The American Petroleum Institute said Tuesday a new study demonstrates the commitment and underscores the overlooked role that the oil and gas industry plays in reducing U.S. greenhouse-gas emissions.
The API’s study says the industry invested more than the federal government and nearly every other sector of the economy combined between 2000 and 2012 to reduce the emissions.
The study comes one day after the nonpartisan Ohio Environmental Council unveiled the Safer Gas Act, a proposal the group is pushing that calls for stronger safeguards against air and water pollution and stepped-up enforcement of the state’s oil and gas regulations.
Among dozens of suggestions aimed at closing loopholes in the state’s oil and gas regulations, which the OEC claims do not adequately protect Ohioans from the dangers of drilling, are provisions that would require operators to use methane- capture equipment, abide by stricter air-emissions controls through all phases of production and establish clean-diesel standards.
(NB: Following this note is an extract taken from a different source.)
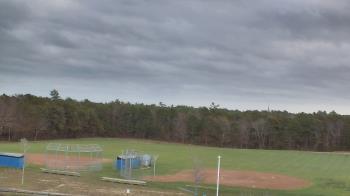 Weather camera view of Mashpee HS.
API’s study was conducted by T2 Associates, an energy and technology consulting firm. It found that between 2000 and 2012, the U.S. oil and gas industry directly invested approximately $81 billion in greenhouse- gas mitigation technologies. Other U.S. industries, according to the study, invested roughly $91.2 billion, while the federal government invested an estimated $79.7 million.
“U.S. carbon-dioxide emissions are at the lowest level in nearly 20 years, driven down significantly by advancements in the oil and natural-gas industry,” Kyle Isakower, API’s president for policy and economic analysis, said in a statement.
During the study period, the industry was responsible for $11.4 billion, or one 1 of every 6 dollars, invested in renewable- energy sources such as wind, solar, geothermal and biomass technologies.
Onshore and offshore oil and gas production, storage and distribution accounted for 40 percent of the methane emissions reported to the U.S. Environmental Protection Agency in 2011.
“This is an industry that portrays itself as a source of clean energy, yet the production and combustion of gas and oil is a top source for greenhouse gases and a host of emissions that present a clear and present danger to public health,” said Jack Shaner, senior director of legislative and public affairs for the OEC.
Earlier this year, the EPA revised earlier estimates and said emissions produced by the oil and gas industry had declined significantly as a result of tighter pollution controls.
In 2015, federal regulations will require oil and gas companies to install green-completion equipment, which captures hazardous pollutants emitted during the drilling process.